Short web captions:
------------------------------------
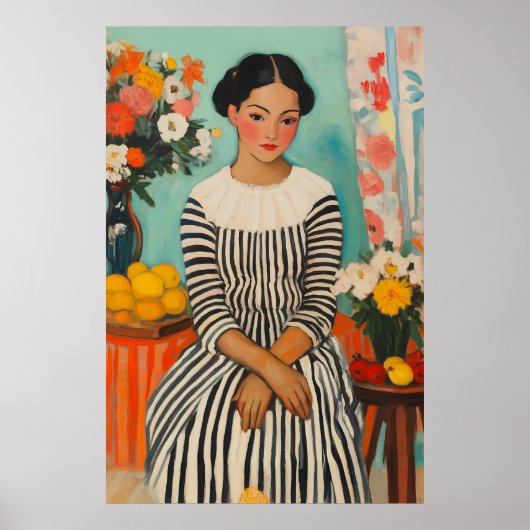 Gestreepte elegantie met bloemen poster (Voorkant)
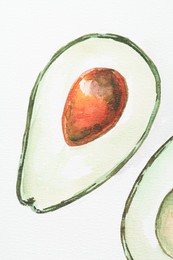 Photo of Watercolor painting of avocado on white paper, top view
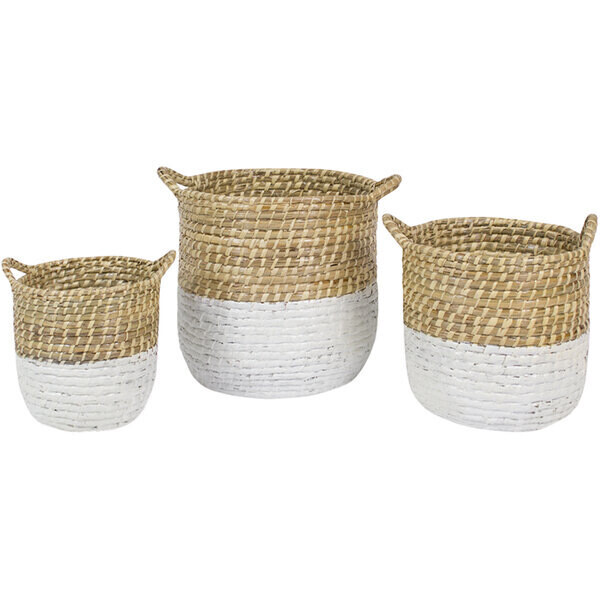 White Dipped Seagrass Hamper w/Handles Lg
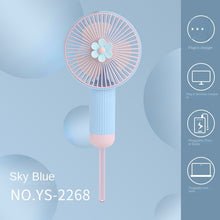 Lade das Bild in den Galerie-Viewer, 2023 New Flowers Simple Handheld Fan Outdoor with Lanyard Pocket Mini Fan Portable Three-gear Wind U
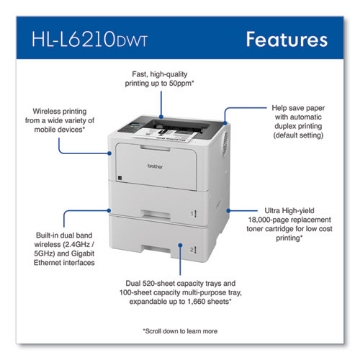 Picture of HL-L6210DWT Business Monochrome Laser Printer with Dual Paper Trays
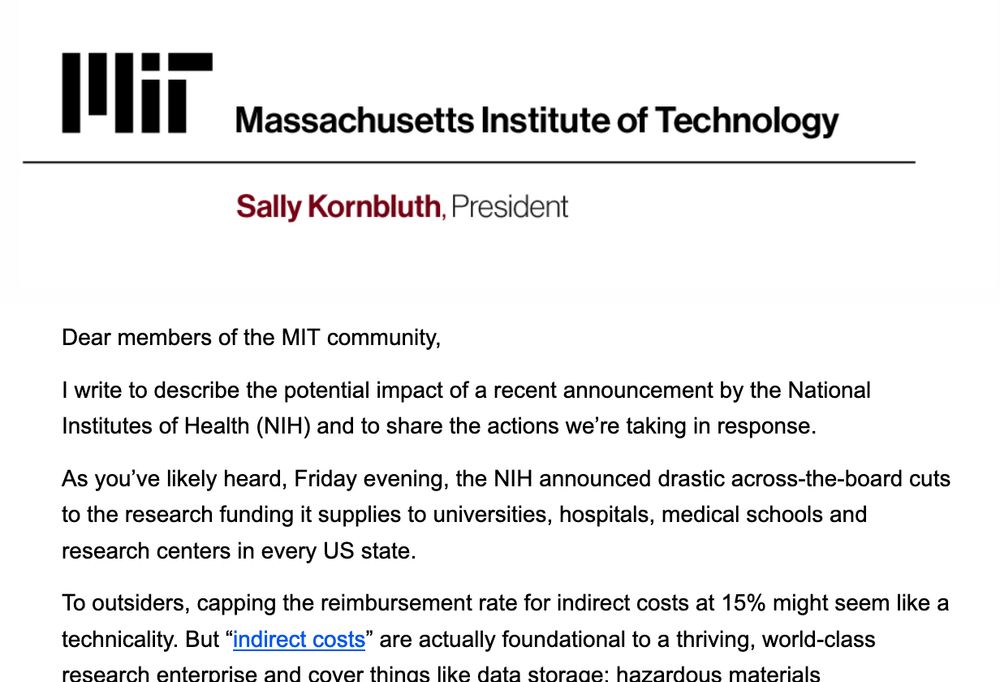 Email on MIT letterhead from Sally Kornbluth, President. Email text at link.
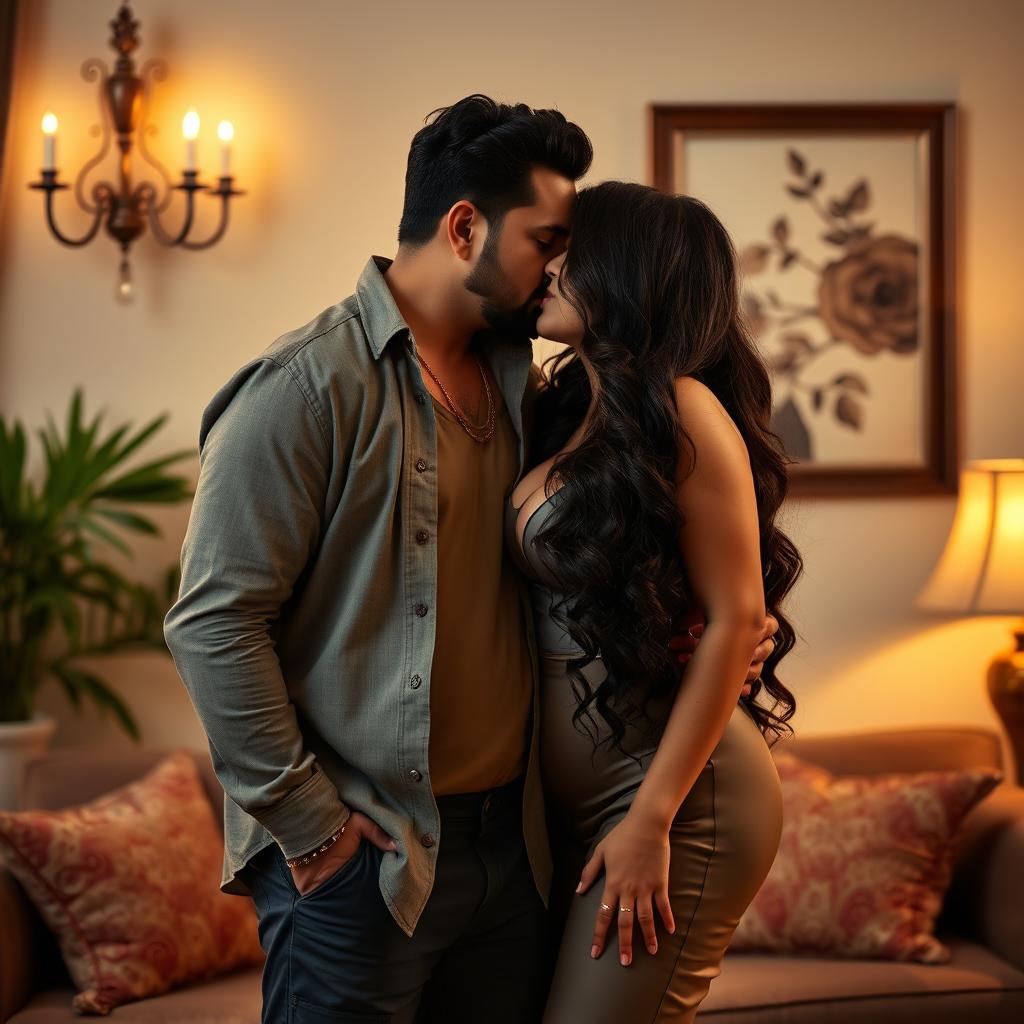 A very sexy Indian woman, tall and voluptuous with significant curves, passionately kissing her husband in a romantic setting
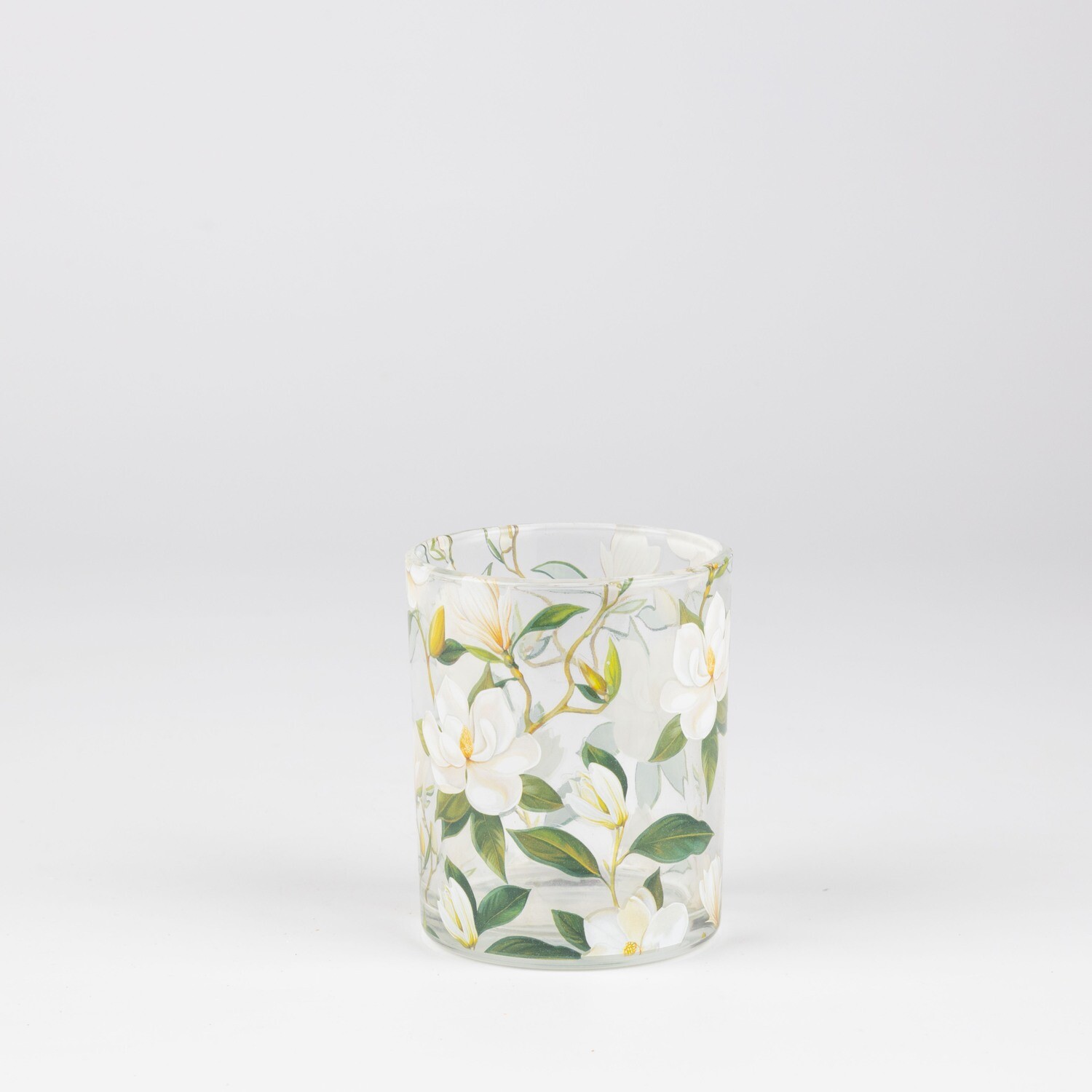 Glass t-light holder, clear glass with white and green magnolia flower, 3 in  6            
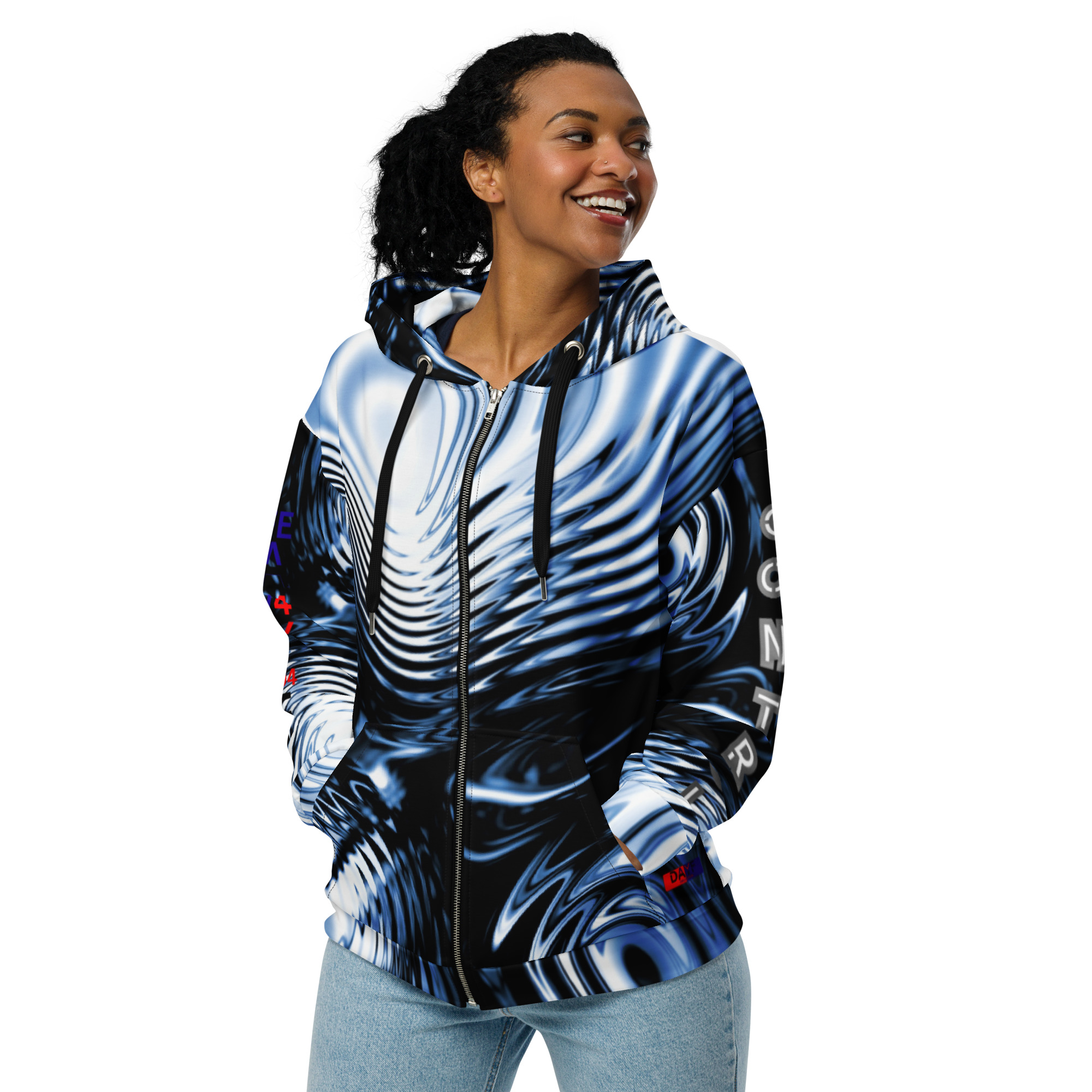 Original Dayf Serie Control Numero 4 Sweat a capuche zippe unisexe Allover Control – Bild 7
------------------------------------
▸ **EXERCISE DETAILS**: Nothing but the lines from the one containing "Photo of Watercolor" through the last line of the records above should appear, each repeated exactly, with no pictures.

▸ **SOLUTION TO THIS EXERCISE**:
 Photo of Watercolor painting of avocado on white paper, top view
 White Dipped Seagrass Hamper w/Handles Lg
 Lade das Bild in den Galerie-Viewer, 2023 New Flowers Simple Handheld Fan Outdoor with Lanyard Pocket Mini Fan Portable Three-gear Wind U
 Picture of HL-L6210DWT Business Monochrome Laser Printer with Dual Paper Trays
 Email on MIT letterhead from Sally Kornbluth, President. Email text at link.
 A very sexy Indian woman, tall and voluptuous with significant curves, passionately kissing her husband in a romantic setting
 Glass t-light holder, clear glass with white and green magnolia flower, 3 in  6            
 Original Dayf Serie Control Numero 4 Sweat a capuche zippe unisexe Allover Control – Bild 7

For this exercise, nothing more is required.